Questions and Answers


Question 24

The book you have written, Fighting the Law, is both well researched and well written, thoroughly enjoyable.
   I would however say that when Vernes wrote the famous article on the Law of Total Tricks he was not laying out a gospel. Vernes was a mathematician, if I am not wrong, and he outlined a trend resulting from his researches. When the Law was popularised in the 1980s, it was almost imperative to present is as a true gospel, to simplify the issue, and make it digestible to the public. There is no doubt that putting it on a tall pedestal can be annoying at times (recent converts are the worst, as usual); on the other hand it is not such a bad advice for the average bridge player. In a way,it is in the same class with the old rules for defence (second low, cover an honor and so on), or with Blackwood.
   Just a couple of points I am interested into:
   I have not done a statistical research, but I have the strong impression that the Law is much more effective with balanced or semi-balanced hands. It would have been interesting to find in your book a disaggregation of the relation trumps-to-total tricks in terms of SST. The WP concept is interesting (although not completely new). I would suggest you to flesh it up with a discussion on the value of intermediate cards (and small honor combinations) in fit suits. The 10 was rightly praised and valued (a 10 in combination with higher honor(s) is certainly more valuable than a Quack); however the 9 is also quite valuable, as are small fourchettes (10-8) or combination like Q98x.
   I would treasure your opinion on these two questions.

Best regards

Angelo Gianazza
Brisbane, QUEENSLAND


Answer

In his Bridge World article, Vernes mentioned initially that he was talking about an average, but in the end of his article he forgot and started reasoning as if his law was true most of the time. As our research has shown, that was wrong.
   In all fairness, we have to agree that Vernes' law isn't that bad – if it were, people would have stopped using it long ago – but it is much overvalued. It's not 'the solution to all your competitive problems', as the fans usually claim.
   We think, just like you, that Vernes wanted to show a trend, and nothing more. But the revival of the law have led to stupid and false statements. And it has also led to too many people thinking that counting trumps is more important than valuing their hands.
   For not so many total trumps (up to 17), deals with balanced hands will often be OK for the law. But for deals with 18 or more trumps, the balanced deals will often produce fewer tricks.

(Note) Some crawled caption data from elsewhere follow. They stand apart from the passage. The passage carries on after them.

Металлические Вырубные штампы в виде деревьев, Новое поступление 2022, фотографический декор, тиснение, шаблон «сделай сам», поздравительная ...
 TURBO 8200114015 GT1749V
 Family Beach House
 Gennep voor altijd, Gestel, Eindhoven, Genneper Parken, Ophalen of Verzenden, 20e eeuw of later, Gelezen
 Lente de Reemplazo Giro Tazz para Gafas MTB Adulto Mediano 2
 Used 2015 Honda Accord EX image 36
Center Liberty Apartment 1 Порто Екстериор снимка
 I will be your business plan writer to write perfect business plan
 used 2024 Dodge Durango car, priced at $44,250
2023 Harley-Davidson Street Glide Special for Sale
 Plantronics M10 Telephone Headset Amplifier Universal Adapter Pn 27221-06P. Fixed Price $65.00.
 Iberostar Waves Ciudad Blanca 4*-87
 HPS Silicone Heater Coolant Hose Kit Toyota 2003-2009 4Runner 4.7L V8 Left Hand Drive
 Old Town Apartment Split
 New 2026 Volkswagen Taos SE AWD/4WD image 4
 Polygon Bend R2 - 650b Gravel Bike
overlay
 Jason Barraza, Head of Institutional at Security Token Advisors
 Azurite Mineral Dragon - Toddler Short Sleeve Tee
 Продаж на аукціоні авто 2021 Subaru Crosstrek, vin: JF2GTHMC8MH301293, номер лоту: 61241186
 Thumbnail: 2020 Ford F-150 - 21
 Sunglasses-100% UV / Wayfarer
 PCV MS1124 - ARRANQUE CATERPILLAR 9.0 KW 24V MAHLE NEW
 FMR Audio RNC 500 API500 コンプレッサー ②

Here is one example from Larry Cohen's To Bid Or Not To Bid (page 31):

S Q 10 5 4
H Q 9 8 7 5
D J 3 2
C 7
S 8 7 6 2 Table S A 9
H 10 4 H 6 3
D A 10 8 7 D K 6 5
C A 9 3 C K Q 10 6 4 2
S K J 3
H A K J 2
D Q 9 4
C J 8 5

Both sides can take nine tricks, so there are 18 total tricks. That is not because there are 18 total trumps, as the book states, but because both sides have a distributional plus value: North-South have a singleton club, East-West have a doubleton spade. Give North one of South's clubs in exchange for a heart, and they lose a trick; and the same is true if West gets one of East's clubs and returns a spade.